Gerade hat die EU ein Trainigsprogramm für die libyische Küstenwache gestartet und setzt damit ihre Politik zur Schließung der Mittelmeerroute fort. Wir plädieren bei EU-Migrationskommissar Dimitris Avramopoulos für eine menschenwürdigere Flüchtlingspolitik.

Sehr geehrter Herr Avramopoulos,

vor ein paar Wochen beschrieb der deutsche Journalist Michael Obert in seiner Reportage „Die Menschenfänger“ für das SZ-Magazin die fragwürdigen Praktiken der libyschen Küstenwache, die Flüchtlingen den Weg nach Europa abschneiden und die Schlepper bekämpfen soll.
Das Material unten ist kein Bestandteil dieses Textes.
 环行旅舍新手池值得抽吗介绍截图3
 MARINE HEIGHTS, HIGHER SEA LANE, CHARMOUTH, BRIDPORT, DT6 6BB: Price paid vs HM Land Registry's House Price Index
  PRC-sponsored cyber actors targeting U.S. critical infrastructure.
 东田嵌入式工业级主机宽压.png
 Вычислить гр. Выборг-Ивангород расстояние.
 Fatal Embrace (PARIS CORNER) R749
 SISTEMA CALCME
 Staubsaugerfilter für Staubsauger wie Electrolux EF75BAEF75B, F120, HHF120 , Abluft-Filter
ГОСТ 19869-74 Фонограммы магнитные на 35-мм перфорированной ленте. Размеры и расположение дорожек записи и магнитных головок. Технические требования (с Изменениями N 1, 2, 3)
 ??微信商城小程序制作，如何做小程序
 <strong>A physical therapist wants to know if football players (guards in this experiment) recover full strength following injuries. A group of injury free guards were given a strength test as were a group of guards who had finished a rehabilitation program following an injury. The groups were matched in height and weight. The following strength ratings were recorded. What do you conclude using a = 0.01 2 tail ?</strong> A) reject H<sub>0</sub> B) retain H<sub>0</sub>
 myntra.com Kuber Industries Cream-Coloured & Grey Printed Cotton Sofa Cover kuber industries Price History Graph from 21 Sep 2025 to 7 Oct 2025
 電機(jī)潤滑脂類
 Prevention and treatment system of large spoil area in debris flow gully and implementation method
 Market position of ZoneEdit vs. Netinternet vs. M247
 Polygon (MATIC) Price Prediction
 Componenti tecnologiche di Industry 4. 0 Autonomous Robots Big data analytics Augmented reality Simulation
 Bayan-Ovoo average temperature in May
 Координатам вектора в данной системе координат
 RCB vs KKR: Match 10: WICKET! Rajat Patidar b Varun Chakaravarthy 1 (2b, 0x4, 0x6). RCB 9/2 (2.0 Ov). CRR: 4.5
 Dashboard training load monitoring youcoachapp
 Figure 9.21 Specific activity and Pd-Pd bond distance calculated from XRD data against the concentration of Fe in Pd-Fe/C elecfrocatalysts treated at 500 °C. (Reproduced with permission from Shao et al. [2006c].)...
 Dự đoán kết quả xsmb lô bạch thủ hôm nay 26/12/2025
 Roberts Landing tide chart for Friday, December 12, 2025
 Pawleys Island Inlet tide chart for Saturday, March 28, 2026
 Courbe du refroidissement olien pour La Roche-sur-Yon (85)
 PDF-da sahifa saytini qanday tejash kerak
Ihr Anführer wird als ein zwielichtiger Warlord charakterisiert, der skrupellos handelt und dabei auch Menschenleben - von Schleppern wie Flüchtlingen - in den Kauf nimmt. Wie die Online-Redaktion von evangelisch.de unter Berufung auf das UNHCR berichtet, sind in der ersten Jahreshälfte 2017 bereits 2000 Menschen bei der Überfahrt im Mittelmeer ertrunken.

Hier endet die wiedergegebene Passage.